■ **Brief**:
When you copy the entries, match them exactly and omit the pictures.

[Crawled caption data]
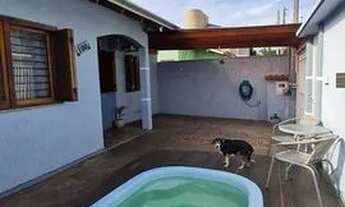 Imagem 2: Casa com 2 dormitórios à venda, 106 m² por R$ 470.000 - Vacchi - Sapucaia do Sul/RS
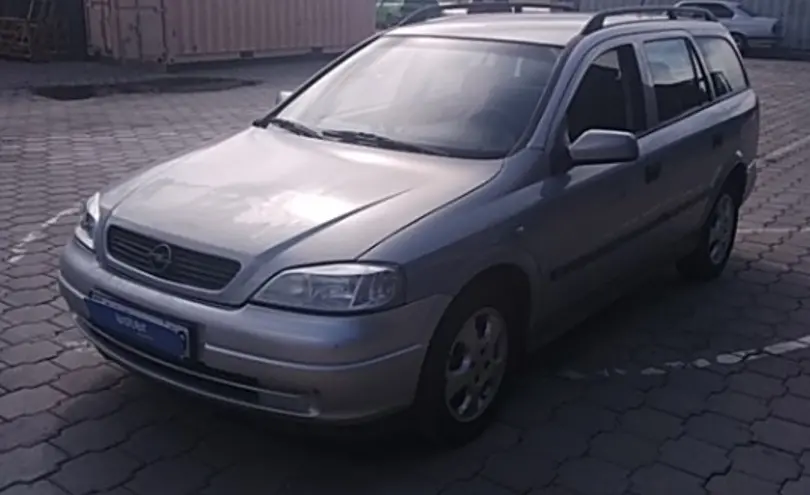 Opel Astra 2001 года за 2 400 000 тг. в Караганда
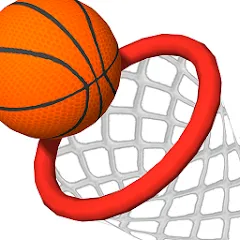 Взлом Dunk Hoop (Данк Хуп)  [МОД Unlimited Money] - последняя версия apk на Андроид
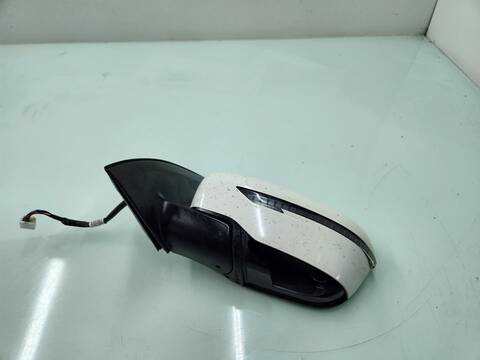 Foto 4ª: Retrovisor Izquierdo Nissan Qashqai ACENTA 116CV 85KW [HRA2DDT] (2014)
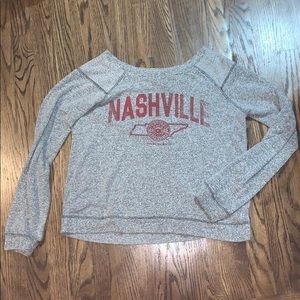 Nashville TN Crew Neck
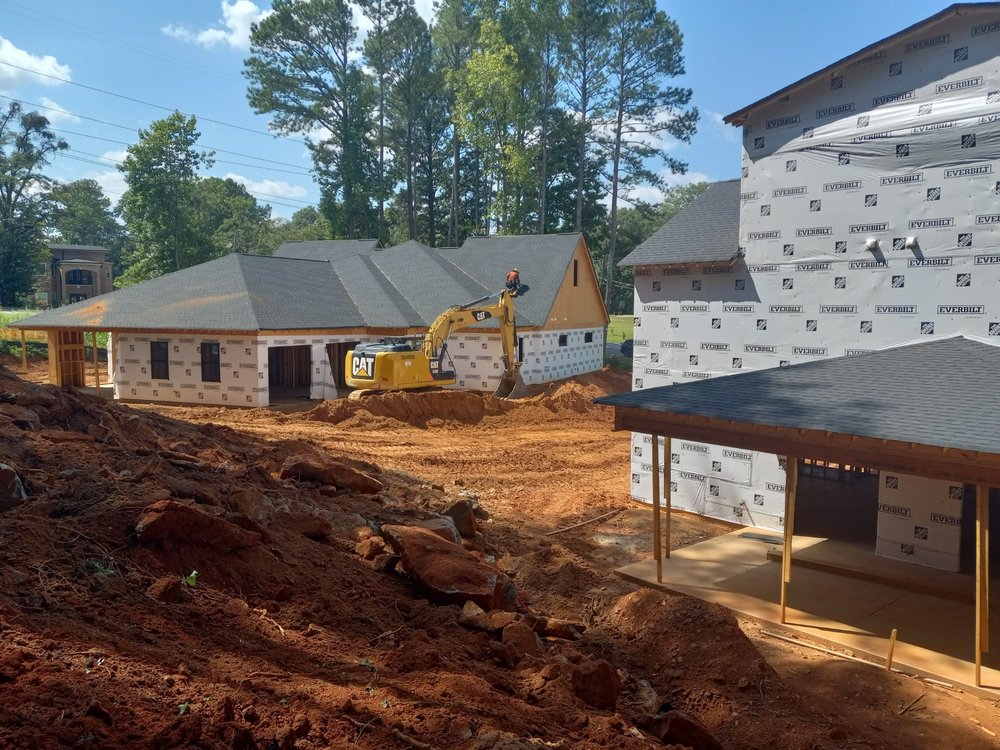 Slide of A & U Services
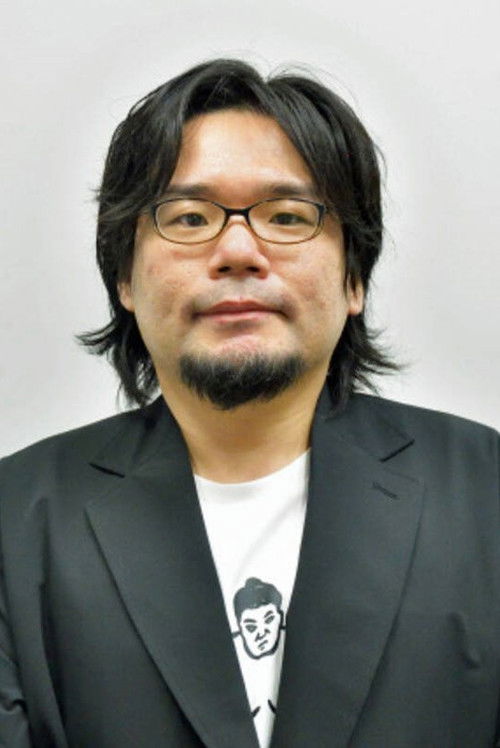 Porträt von Masato Jimbo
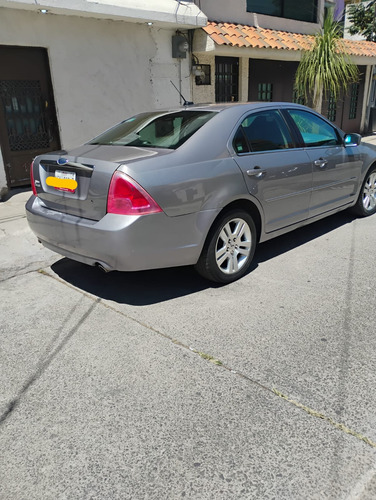 Ford Fusion Se V6 At
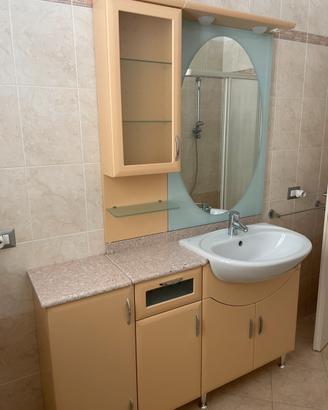 Mobile arredo bagno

■ **Task response**:
 Imagem 2: Casa com 2 dormitórios à venda, 106 m² por R$ 470.000 - Vacchi - Sapucaia do Sul/RS
 Opel Astra 2001 года за 2 400 000 тг. в Караганда
 Взлом Dunk Hoop (Данк Хуп)  [МОД Unlimited Money] - последняя версия apk на Андроид
 Foto 4ª: Retrovisor Izquierdo Nissan Qashqai ACENTA 116CV 85KW [HRA2DDT] (2014)
 Nashville TN Crew Neck
 Slide of A & U Services
 Porträt von Masato Jimbo
 Ford Fusion Se V6 At
 Mobile arredo bagno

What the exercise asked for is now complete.